Aí, esse excelente repórter que é
Sergio Torres foi visitar uma família das que deixaram de ser "miseráveis", pelo menos na estatística.
Eis sua descrição:
"As crianças não têm o que calçar,
vestem-se todos os dias com as
mesmas roupas, comem carne,
quando muito, uma vez por semana, dormem no chão sem piso de
um casebre sem banheiro e brincam em um riacho de esgoto. Mesmo assim, não são miseráveis, segundo metodologia da FGV".
É a história da família de Nilcéia
de Lurdes da Silva, 35 anos, cinco filhos, um neto, e do companheiro
Aílton de Oliveira, 34, que vivem
"em barraco pendurado em uma
encosta no bairro Quilombo, próximo ao centro de Paracambi, município que, a 75 km do Rio, separa a
Baixada Fluminense da região centro-sul do Estado".
Poderia ser a história de milhões
de outras Nilcéias e Aíltons que, na
estatística, deixaram de ser miseráveis, mas só na estatística.
Na vida real, prossegue Sergio
Torres, "continuam na situação miserável que as acompanha desde a
nascença.
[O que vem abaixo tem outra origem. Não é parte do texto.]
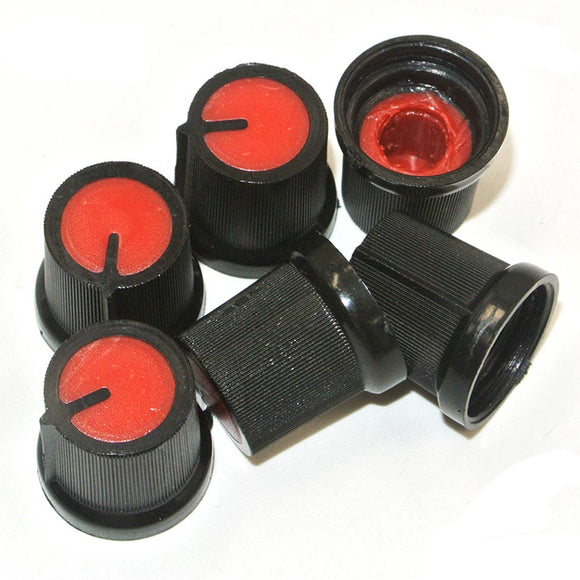 30Pcs Red Plastic For Rotary Taper Potentiometer Hole 6mm Knob
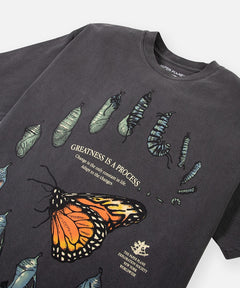  Front closeup of Paper Planes Process Heavyweight Tee, color Washed Black.
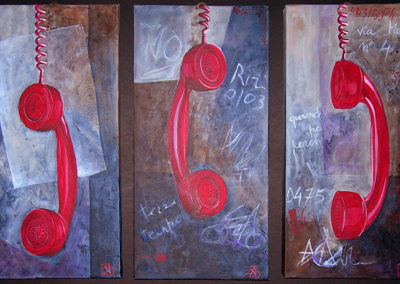 Telefono rosso (trittico) | tecnica mista su tela cm 40x20 x3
Na última sexta, não comeram nada de manhã. O barraco
da família não tem água. A luz é
clandestina, puxada do poste da
rua. O esgoto, uma vala negra que
corre no quintal. As crianças só andam descalças. Pisam nos dejetos
sem dar importância. É o chão delas, afinal. Para trabalhar, o casal
deixa as crianças aos cuidados da filha de 11 anos".
Nada contra festejar estatísticas
agradáveis.
Desde que a festa não seja apenas
um pretexto para esquecer que, por
trás delas, ou apesar delas, o Brasil
continua um país primitivo. Obscenamente primitivo.